10 Bei Ablehnung eines Antrages auf Vertagung eines Termins, zu dem das Gericht ordnungsgemäß geladen hat, kommt eine Verletzung des Anspruchs auf Gewährung rechtlichen Gehörs (Art. 103 Abs. 1 GG, § 108 Abs. 2 VwGO) nur in Betracht, wenn ein erheblicher Grund für eine Vertagung i.S.v. § 227 ZPO i.V.m. § 173 VwGO vorliegt und dem Gericht unterbreitet worden ist. Entgegen der Auffassung der Kläger ist ein erheblicher Grund nicht schon dann anzunehmen, wenn ein anwaltlich nicht vertretener Beteiligter unverschuldet - etwa wegen Erkrankung, die ihn reiseunfähig macht - an dem Termin nicht teilnehmen kann. Dem Vorsitzenden, der über den Vertagungsantrag nach Ermessen zu entscheiden hat (§ 227 Abs. 4 ZPO), ist in diesem Fall vielmehr glaubhaft zu machen, dass der Beteiligte gehindert ist, sich im Termin - etwa durch einen Anwalt - vertreten zu lassen (vgl. Urteil vom 13. April 1999 - BVerwG 1 C 24.97 - Buchholz 310 § 82 VwGO Nr. 19 und Beschluss vom 22. Mai 2006 - BVerwG 10 B 9.06 - NJW 2006, 2648). Dies kann der Fall sein, wenn eine persönliche Anhörung des Beteiligten angezeigt gewesen wäre. Vom Standpunkt der Tatsacheninstanz aus, auf den es hierbei ankommt, bestand jedoch für eine Erörterung der Sach- und Rechtslage mit dem Kläger persönlich kein Grund. Die Klage war nach Auffassung des Verwaltungsgerichts unzulässig.

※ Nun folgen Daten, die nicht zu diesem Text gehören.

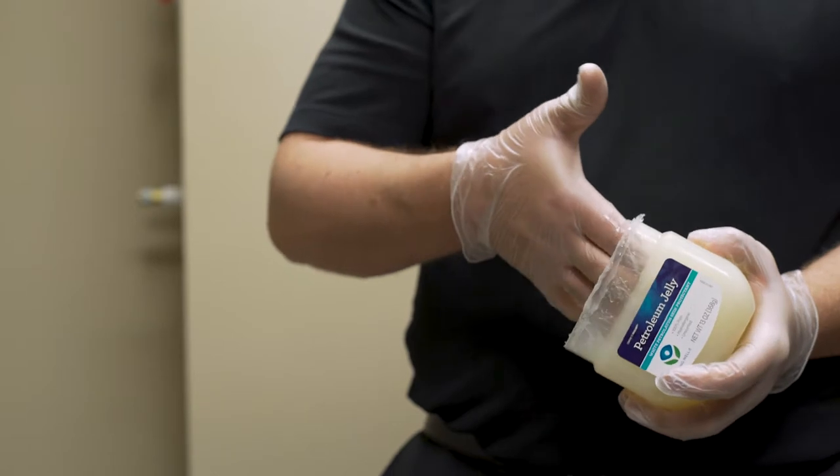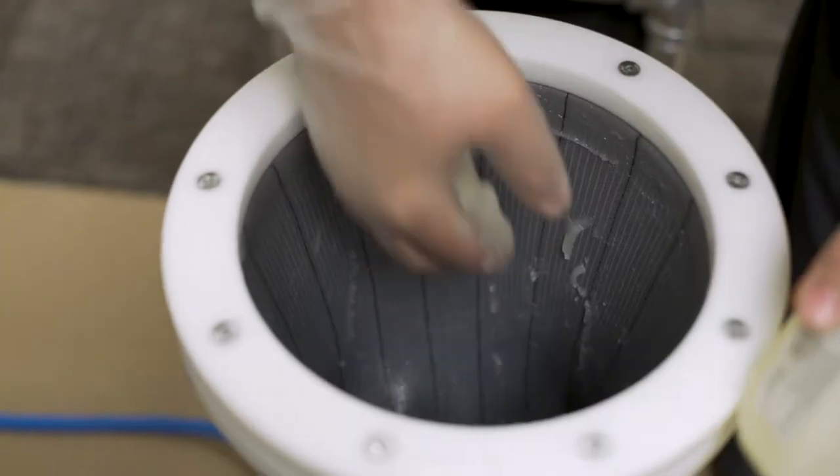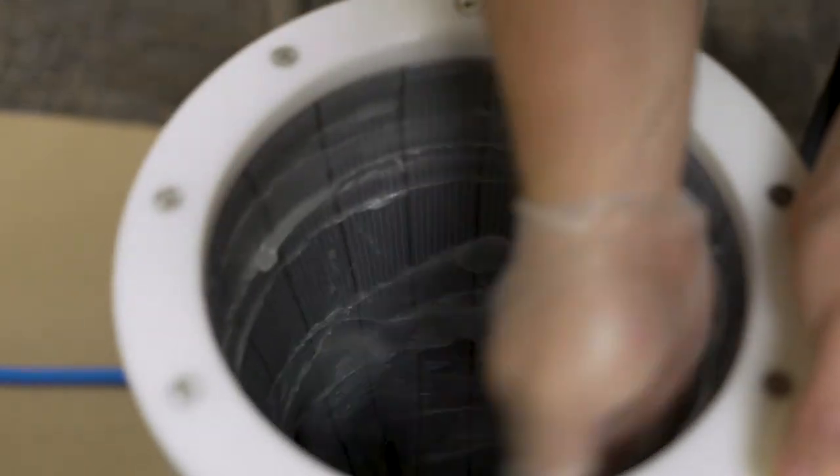At this time, you'll be utilizing Vaseline to smear on the inside of the membrane. It will require about a handful or more of Vaseline. It has been noticed that success has been better when more Vaseline is used.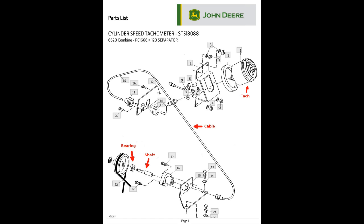In this combine, the pulley driving the tachometer cable was not turning freely. The bearing needed to be replaced.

11 Selbst wenn bei einer Erkrankung eines Beteiligten davon auszugehen ist, dass die Verhinderung unverschuldet und damit ein erheblicher Grund i.S.v. § 227 Abs. 1 ZPO ist; ist eine andere Beurteilung aber dann geboten, wenn es sich nicht um eine plötzliche, nicht vorhersehbare, sondern um eine wiederholte in gleicher Weise auftretende Erkrankung handelt, die den Beteiligten außerstande setzt, seiner prozessualen Mitwirkungspflicht an einer zügigen Erledigung des Rechtsstreits nachzukommen (vgl. Beschluss vom 22. Mai 2001 - BVerwG 8 B 69.01 - Buchholz 303 § 227 ZPO Nr. 30). Während des gesamten erstinstanzlichen Gerichtsverfahrens haben die Kläger auf den angegriffenen Gesundheitszustand des Klägers hingewiesen (Schreiben vom 12. März 2005, 18. Juni 2005, 26. Juni 2005, 11. und 17. Oktober 2005). Die Vertagung einer zuvor anberaumten mündlichen Verhandlung hatten die Kläger bereits beantragt gehabt. Ihnen war daher angezeigt, Vorsorge für den Fall zu treffen, dass auf die Durchführung einer mündlichen Verhandlung nicht verzichtet werden sollte. Das Verwaltungsgericht hat zu Recht darauf hingewiesen, dass auch die Tochter der Kläger, die bereits in die Sache eingearbeitet war, für den Kläger hätte auftreten können. Trotz ihres eigenen Gerichtstermins am Vortage hätte ein Erscheinen in der erst zu 14:00 Uhr geladenen mündlichen Verhandlung möglich sein müssen.

12 4. Die Rüge der überlangen Verfahrensdauer verschafft der Sache keinen Grund, die Revision zuzulassen. Sie ist generell ungeeignet, ein Revisionsverfahren zu eröffnen (Beschluss vom 23. März 2005 - BVerwG 8 B 3.05 - Buchholz 428 § 2 VermG Nr. 80); denn die Dauer des Verfahrens würde sich bis zu einer rechtskräftigen Entscheidung weiter verlängern, ohne dass sich deshalb für die Sache eine andere Rechtsgrundlage ergeben würde.

13 Die Kostenentscheidung folgt aus § 154 Abs. 2 VwGO, die Streitwertfestsetzung aus §§ 47, 52 GKG.